Chapter 57 of the Tao Te Ching starts out talking about how the king rules, but ends with a description of how a sage lives. These seem like two different topics until you realize that they are both directed at you.

Specifically, Lao Tzu talks about the four things to minimize: attachments, chaos, interference and desires.

Minimizing attachments means taking actions without obsessing over specific outcomes. To be attached is to get in the way of your natural excellence. Being open to how you arrive at a goal (desire), is being in the flow of life, trusting the Universe. As I remind myself and students, “Less in More. Flow without Force.”

Minimizing chaos means quieting the noise of stray thoughts and self-talk in the mind. Without internal quietness, you cannot deal with others with calmness and composure. I know for me, taking 15-20 minutes on my cushion everyday, gives me a chance to connect with my inner being, and allows me to respond more instead of react. Please know this is a “practice” for me, I am by no way perfect.

Miminizing interference means letting people be. They have their own paths to walk.
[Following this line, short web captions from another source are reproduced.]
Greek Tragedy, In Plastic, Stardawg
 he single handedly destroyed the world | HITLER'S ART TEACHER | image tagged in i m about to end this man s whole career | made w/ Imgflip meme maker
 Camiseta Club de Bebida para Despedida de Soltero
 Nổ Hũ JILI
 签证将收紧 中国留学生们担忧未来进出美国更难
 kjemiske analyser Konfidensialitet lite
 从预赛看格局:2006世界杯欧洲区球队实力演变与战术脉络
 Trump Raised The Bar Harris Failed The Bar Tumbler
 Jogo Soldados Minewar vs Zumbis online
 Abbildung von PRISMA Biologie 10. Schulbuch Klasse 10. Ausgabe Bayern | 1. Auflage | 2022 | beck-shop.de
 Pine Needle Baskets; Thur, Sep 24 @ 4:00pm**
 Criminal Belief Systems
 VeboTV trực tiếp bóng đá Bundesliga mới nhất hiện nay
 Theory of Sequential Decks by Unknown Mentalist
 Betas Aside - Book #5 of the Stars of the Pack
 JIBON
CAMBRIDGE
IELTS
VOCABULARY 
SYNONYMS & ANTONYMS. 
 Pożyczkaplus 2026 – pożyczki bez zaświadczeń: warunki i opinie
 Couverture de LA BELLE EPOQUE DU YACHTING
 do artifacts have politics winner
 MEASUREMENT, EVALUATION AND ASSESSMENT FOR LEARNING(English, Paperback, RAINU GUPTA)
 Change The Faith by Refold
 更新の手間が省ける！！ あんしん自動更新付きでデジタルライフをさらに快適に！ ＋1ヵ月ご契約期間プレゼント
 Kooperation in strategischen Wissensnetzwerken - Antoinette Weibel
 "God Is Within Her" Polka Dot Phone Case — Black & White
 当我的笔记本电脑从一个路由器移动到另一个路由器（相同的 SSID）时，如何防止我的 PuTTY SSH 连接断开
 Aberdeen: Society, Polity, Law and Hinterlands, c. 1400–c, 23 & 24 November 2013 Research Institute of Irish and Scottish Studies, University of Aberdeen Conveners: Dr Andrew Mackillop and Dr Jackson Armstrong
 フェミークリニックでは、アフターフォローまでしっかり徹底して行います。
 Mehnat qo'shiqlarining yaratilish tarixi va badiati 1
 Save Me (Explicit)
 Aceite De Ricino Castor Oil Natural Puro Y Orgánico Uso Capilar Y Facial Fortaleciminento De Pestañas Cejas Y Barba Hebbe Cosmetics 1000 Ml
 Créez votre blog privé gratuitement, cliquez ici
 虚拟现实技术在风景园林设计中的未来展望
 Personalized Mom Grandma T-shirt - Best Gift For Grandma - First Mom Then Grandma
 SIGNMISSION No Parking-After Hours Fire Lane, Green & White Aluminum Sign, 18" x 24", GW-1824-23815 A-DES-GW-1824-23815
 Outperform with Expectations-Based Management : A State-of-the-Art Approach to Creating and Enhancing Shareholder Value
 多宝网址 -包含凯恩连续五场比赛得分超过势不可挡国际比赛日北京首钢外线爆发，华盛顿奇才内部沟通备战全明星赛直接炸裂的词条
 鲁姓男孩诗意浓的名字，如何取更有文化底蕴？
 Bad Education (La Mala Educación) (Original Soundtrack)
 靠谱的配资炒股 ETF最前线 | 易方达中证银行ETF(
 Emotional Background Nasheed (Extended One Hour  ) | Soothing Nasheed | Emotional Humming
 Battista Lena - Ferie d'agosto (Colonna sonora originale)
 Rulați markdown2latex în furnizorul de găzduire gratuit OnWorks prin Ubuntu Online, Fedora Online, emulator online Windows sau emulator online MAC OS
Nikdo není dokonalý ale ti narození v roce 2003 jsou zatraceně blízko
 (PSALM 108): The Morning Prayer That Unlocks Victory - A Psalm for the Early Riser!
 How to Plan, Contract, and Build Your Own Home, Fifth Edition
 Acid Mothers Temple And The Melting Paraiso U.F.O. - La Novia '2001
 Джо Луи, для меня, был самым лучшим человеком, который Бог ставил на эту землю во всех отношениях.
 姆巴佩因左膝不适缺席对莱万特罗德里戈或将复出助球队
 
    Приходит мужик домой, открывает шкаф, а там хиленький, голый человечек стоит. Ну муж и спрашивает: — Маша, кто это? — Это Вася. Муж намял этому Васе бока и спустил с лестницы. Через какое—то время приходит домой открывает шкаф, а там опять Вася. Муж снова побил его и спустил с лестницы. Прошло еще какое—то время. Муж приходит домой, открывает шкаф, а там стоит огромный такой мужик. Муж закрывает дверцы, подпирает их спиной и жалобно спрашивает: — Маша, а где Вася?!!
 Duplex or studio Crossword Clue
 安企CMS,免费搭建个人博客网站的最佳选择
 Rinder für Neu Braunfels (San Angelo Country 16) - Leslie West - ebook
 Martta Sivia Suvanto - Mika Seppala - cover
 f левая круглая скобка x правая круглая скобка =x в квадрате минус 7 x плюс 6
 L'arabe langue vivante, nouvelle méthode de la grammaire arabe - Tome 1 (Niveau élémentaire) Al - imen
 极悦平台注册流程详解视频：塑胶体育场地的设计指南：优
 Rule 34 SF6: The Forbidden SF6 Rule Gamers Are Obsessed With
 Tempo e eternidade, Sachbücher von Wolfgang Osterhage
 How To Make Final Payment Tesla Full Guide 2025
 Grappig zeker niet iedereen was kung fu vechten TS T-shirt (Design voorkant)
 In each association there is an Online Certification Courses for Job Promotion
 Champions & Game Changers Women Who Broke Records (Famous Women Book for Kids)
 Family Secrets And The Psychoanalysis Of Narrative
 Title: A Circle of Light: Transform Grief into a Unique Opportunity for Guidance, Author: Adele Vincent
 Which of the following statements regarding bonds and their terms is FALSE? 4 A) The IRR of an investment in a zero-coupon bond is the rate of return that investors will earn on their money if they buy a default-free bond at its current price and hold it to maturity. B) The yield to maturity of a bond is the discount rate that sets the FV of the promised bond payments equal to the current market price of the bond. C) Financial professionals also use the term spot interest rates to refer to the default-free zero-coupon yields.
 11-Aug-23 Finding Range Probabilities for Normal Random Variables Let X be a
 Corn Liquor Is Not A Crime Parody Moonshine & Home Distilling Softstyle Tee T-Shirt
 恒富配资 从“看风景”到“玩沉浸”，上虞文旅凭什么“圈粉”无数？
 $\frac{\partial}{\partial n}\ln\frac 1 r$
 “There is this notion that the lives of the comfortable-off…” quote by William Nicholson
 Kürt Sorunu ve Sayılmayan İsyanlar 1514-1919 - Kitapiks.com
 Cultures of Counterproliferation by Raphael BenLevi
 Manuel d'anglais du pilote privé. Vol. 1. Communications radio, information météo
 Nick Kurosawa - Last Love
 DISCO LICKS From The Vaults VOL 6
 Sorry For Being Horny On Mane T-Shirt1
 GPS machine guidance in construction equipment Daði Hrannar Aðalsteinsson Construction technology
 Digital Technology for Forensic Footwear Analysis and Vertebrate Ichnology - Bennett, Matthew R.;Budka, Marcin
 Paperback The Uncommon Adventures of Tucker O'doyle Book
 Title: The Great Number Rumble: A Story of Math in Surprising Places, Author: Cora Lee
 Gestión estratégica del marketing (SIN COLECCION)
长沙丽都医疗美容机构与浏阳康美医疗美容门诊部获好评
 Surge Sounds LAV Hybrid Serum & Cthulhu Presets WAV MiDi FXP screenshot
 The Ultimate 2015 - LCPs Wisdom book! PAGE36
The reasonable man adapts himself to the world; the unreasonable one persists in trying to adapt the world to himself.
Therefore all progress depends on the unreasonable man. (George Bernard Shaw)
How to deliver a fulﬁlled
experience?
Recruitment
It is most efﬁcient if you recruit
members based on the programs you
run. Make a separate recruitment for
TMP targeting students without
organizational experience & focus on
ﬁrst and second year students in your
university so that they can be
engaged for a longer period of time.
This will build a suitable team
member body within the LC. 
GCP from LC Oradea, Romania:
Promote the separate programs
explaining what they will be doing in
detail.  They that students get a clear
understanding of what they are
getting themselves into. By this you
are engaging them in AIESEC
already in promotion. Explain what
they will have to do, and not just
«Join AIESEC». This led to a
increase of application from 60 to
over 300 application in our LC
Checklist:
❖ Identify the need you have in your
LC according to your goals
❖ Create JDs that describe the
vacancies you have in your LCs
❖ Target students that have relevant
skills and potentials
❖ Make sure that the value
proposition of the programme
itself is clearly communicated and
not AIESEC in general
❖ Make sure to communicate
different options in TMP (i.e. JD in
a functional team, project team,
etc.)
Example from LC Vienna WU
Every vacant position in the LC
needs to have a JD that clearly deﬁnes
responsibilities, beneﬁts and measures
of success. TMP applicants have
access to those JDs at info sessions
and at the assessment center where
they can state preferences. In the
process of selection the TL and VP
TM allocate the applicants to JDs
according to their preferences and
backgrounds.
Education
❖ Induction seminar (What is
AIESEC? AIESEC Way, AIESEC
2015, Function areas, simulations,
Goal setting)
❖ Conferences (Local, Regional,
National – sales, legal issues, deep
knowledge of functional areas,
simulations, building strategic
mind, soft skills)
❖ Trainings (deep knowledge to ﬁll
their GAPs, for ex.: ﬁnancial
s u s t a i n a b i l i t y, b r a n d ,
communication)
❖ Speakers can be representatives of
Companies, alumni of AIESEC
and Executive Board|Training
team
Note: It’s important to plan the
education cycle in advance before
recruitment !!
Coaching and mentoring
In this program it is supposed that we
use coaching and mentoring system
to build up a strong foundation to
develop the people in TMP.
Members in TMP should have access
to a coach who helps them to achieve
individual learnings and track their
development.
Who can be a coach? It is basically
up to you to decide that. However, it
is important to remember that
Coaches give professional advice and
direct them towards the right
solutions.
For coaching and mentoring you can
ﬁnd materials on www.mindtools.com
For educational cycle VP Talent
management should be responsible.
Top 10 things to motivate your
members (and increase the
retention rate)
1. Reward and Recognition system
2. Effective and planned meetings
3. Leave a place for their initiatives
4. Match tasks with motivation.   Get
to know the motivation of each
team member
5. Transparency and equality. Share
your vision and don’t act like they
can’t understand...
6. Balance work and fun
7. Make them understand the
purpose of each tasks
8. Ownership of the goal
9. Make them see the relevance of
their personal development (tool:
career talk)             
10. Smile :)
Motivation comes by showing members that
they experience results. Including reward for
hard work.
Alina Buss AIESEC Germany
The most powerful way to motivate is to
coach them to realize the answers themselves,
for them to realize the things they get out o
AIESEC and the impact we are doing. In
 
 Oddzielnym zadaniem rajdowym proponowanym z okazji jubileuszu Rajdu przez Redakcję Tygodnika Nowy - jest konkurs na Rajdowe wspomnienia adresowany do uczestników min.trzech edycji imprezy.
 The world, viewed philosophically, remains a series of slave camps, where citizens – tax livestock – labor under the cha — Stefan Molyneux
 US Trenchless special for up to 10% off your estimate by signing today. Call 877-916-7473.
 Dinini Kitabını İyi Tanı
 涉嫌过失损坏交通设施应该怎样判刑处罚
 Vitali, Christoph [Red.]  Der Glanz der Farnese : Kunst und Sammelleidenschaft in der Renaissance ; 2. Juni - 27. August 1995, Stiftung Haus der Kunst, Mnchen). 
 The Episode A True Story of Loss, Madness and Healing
Interfering in their business will only cause disruptions. This is a big one for me, “loving people where they are,” even though at times, it’s hard to witness their behavior, and that’s when I choose to love them from afar.

Minimizing desires means easing up on the never-ending cycles of material acquistions. It is a bottomless pit that leads only to more desires. I see desires as feelings, asking myself, how do I want to feel? Instead of focusing on the things because the thought of acquiring them is usually only because I think it will make me feel good. So, beginning with how I want to feel works for me, and it also allows me to let go of the specific outcome of a goal/desire. [expanding my natural excellence] Here’s what I have been focusing on feeling: Radiantly Confident, Vibrantly Healthy, Abundantly Appreciative, Intuitively Trusting with myself and the Universe.

These are the four keys to the private kingdom of your life. If you wish to rule wisely, you now know what to do—or precisely, what to minimize.


Below is Chapter 57 from the Tao Te Ching, translated by Stephen Mitchel.


If you want to be a great leader,
you must learn to follow the Tao.
Stop trying to control.
Let go of fixed plans and concepts,
and the world will govern itself.

The more prohibitions you have,
the less virtuous people will be.
The more weapons you have,
the less secure people will be.
The more subsidies you have,
the less self-reliant people will be.

Therefore the Master says:
I let go of the law,
and people become honest.
I let go of economics,
and people become prosperous.
I let go of religion,
and people become serene.
I let go of all desire for the common good,
and the good becomes common as grass.


Makes one ponder how our world might be today, if we all lived a little more by these principles.


Photo by Annie Spratt on Unsplash


  1. Deep breath after reading your post! Thank you Toni. How simple and yet so very profound. We could ponder each of those 4 keys to minimize for hours. And thank you for sharing your thoughts and helping us all to feel empowered and whole.